▶ [EXERCISE PROMPT]: Once the line holding "Apartment | 3 bedrooms, desk" appears, repeat it and each line after it to the end of the data, exactly and with nothing else; pictures stay out.

▶ [SUPPLIED DATA]:
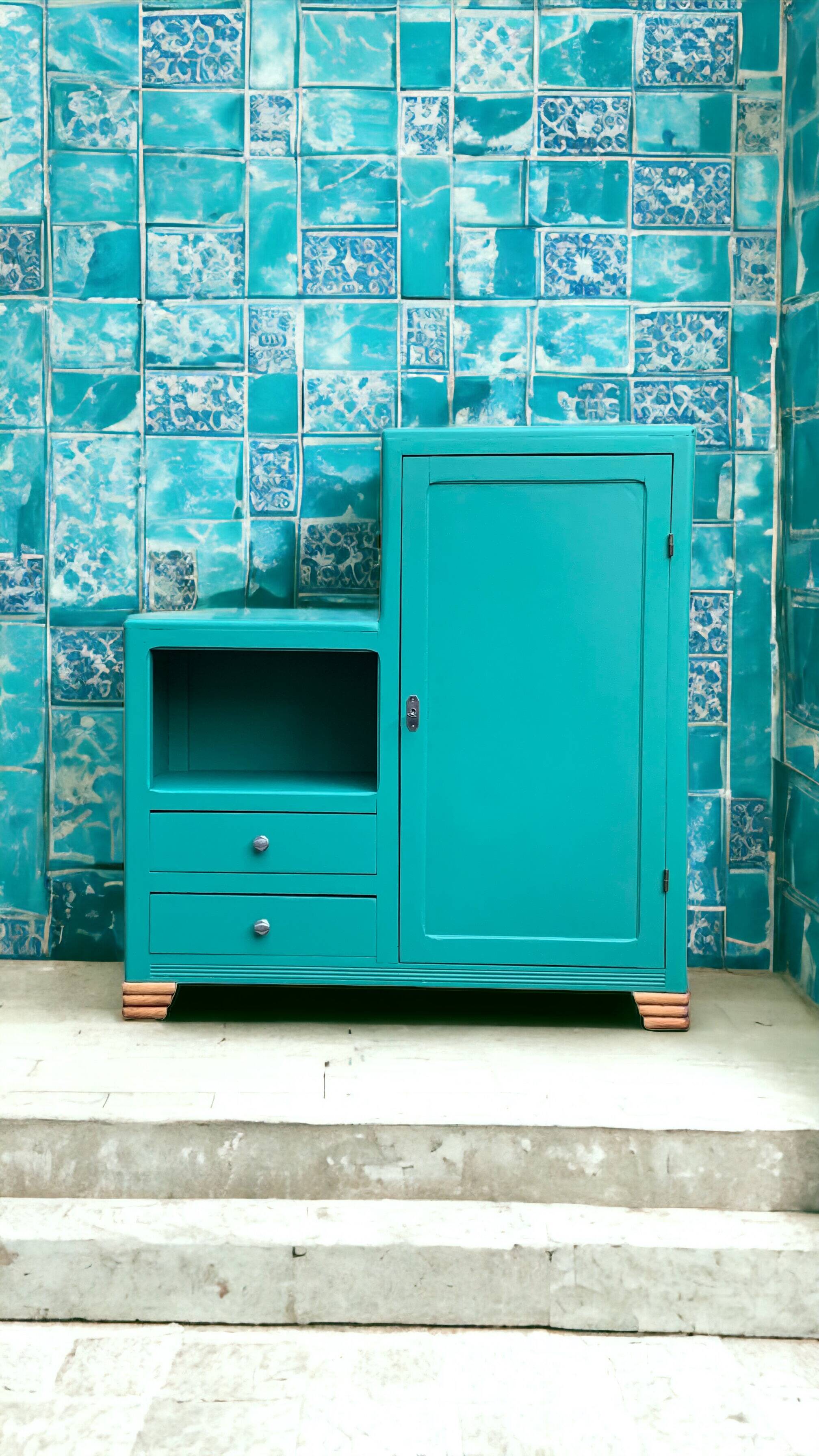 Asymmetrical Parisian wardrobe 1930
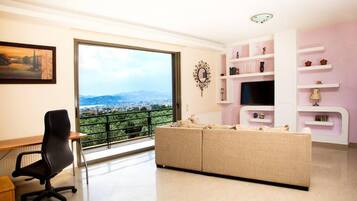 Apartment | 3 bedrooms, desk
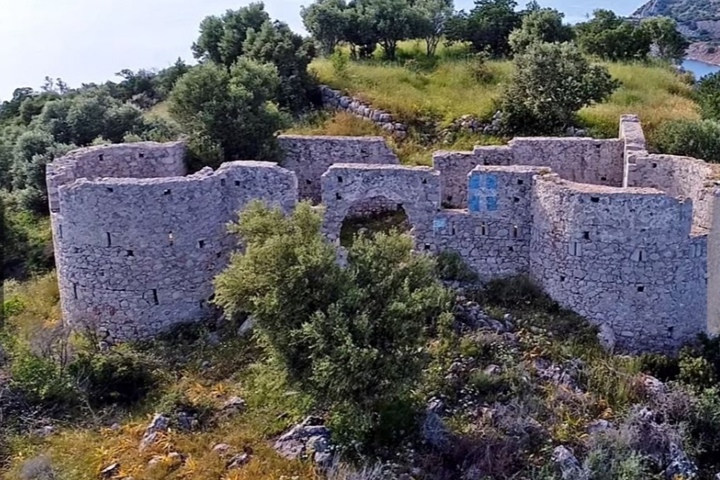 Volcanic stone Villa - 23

▶ [RESPONSE]:
 Apartment | 3 bedrooms, desk
 Volcanic stone Villa - 23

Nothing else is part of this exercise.